__AIM OF THE EXERCISE__: Your copy of the entries must be exact, and it must not include the pictures.

__RECORDS SUPPLIED__:

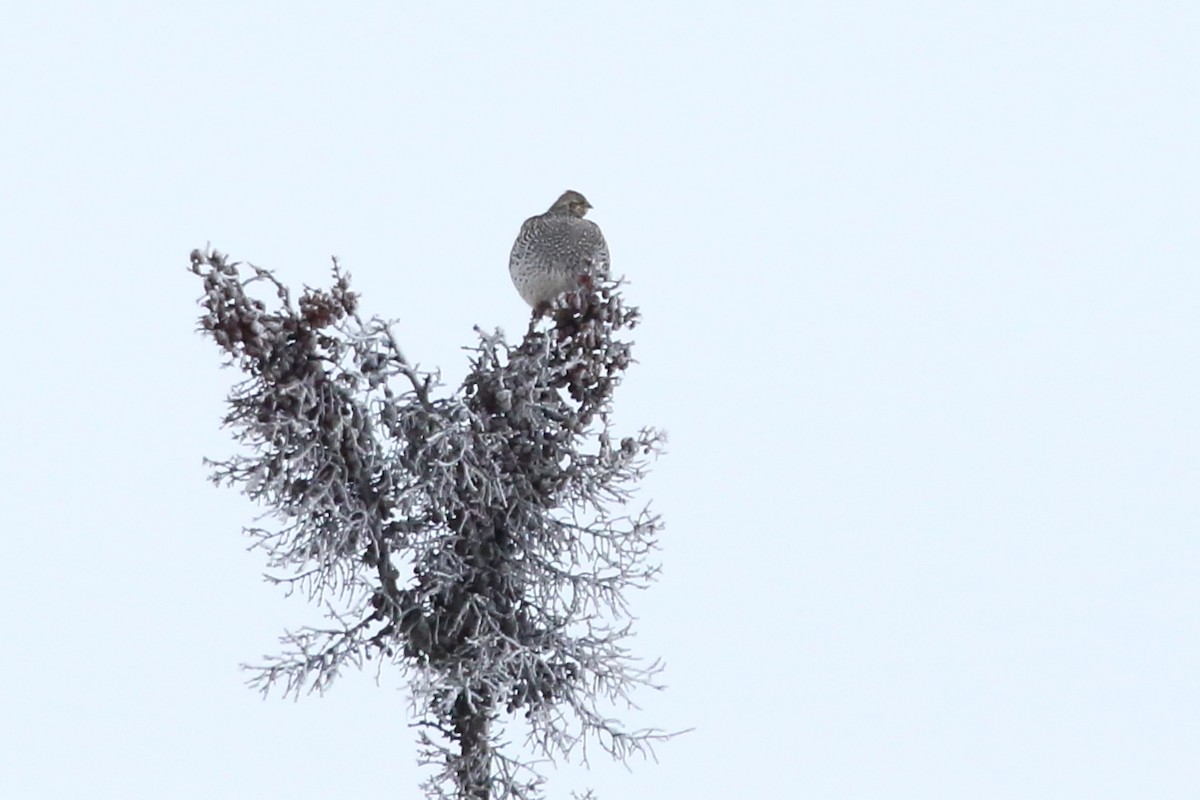 Sharp-tailed Grouse - ML610468817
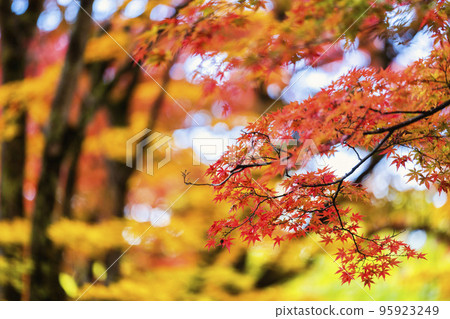 Autumn foliage on the approach to Hanitsu Shrine, Inawashiro Town, Fukushima Prefecture Autumn foliage on the approach to Hanitsu Shrine, Inawashiro Town, Fukushima Prefecture 95923249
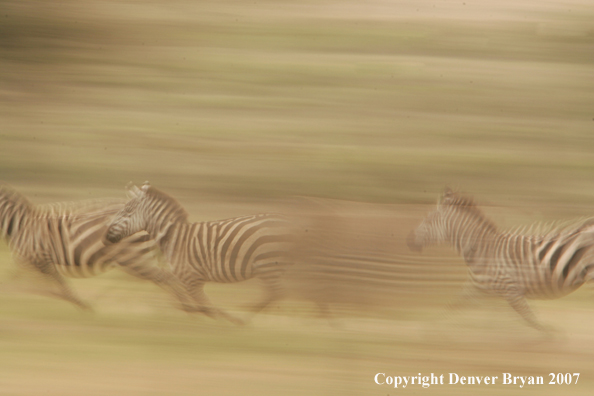 Burchell's Zebra 
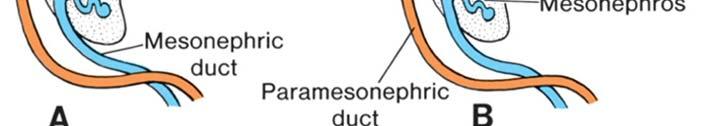 mesonephric duct (c).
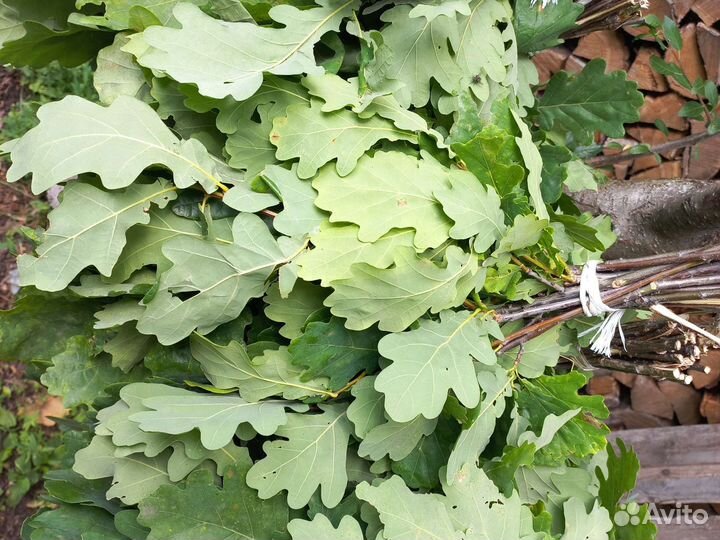 Дубовые веники для бани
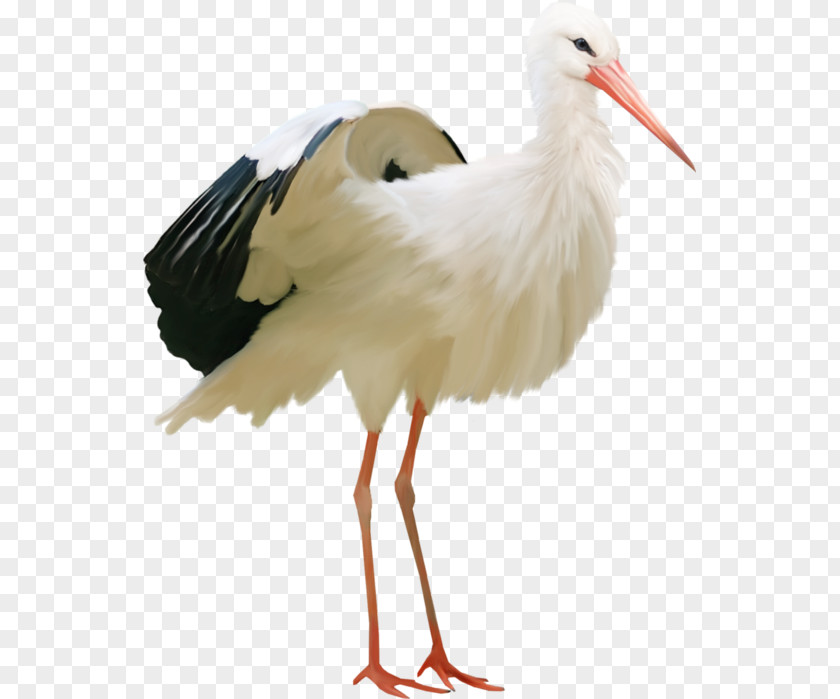 Bird White Stork Water Flamingos Ardea PNG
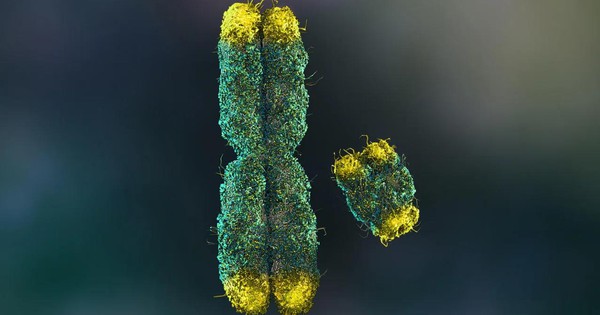 Đột phá từ 100 nhà khoa học: Giải mã bí ẩn lớn nhất của quý ông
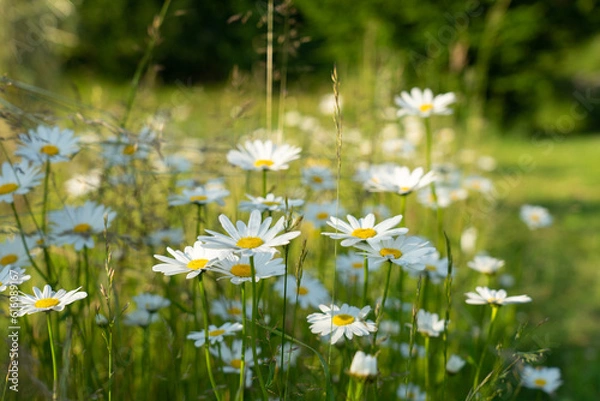 Obraz Margariten im Abendlicht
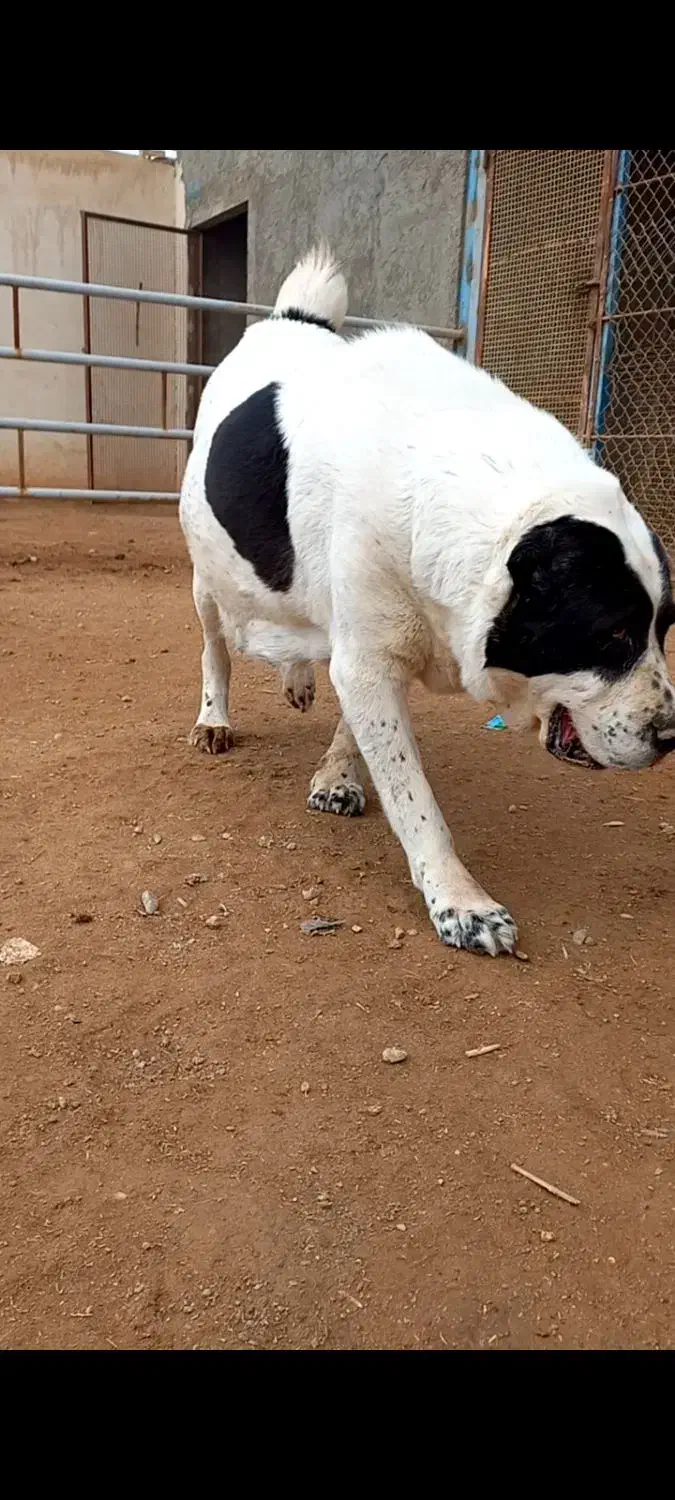 واگزای سگ لاس|سگ|برخوار, |دیوار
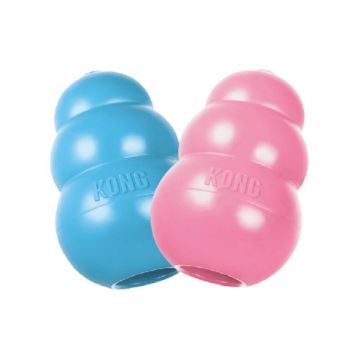 Picture of KONG Puppy Medium x 1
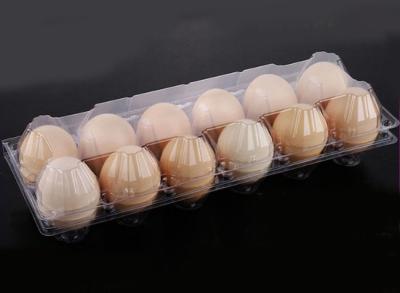 China Hinged Lid Clear 29.5cm Length 12 Cavities Egg Trays for sale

__RESPONSE AREA__:
 Sharp-tailed Grouse - ML610468817
 Autumn foliage on the approach to Hanitsu Shrine, Inawashiro Town, Fukushima Prefecture Autumn foliage on the approach to Hanitsu Shrine, Inawashiro Town, Fukushima Prefecture 95923249
 Burchell's Zebra 
 mesonephric duct (c).
 Дубовые веники для бани
 Bird White Stork Water Flamingos Ardea PNG
 Đột phá từ 100 nhà khoa học: Giải mã bí ẩn lớn nhất của quý ông
 Obraz Margariten im Abendlicht
 واگزای سگ لاس|سگ|برخوار, |دیوار
 Picture of KONG Puppy Medium x 1
 China Hinged Lid Clear 29.5cm Length 12 Cavities Egg Trays for sale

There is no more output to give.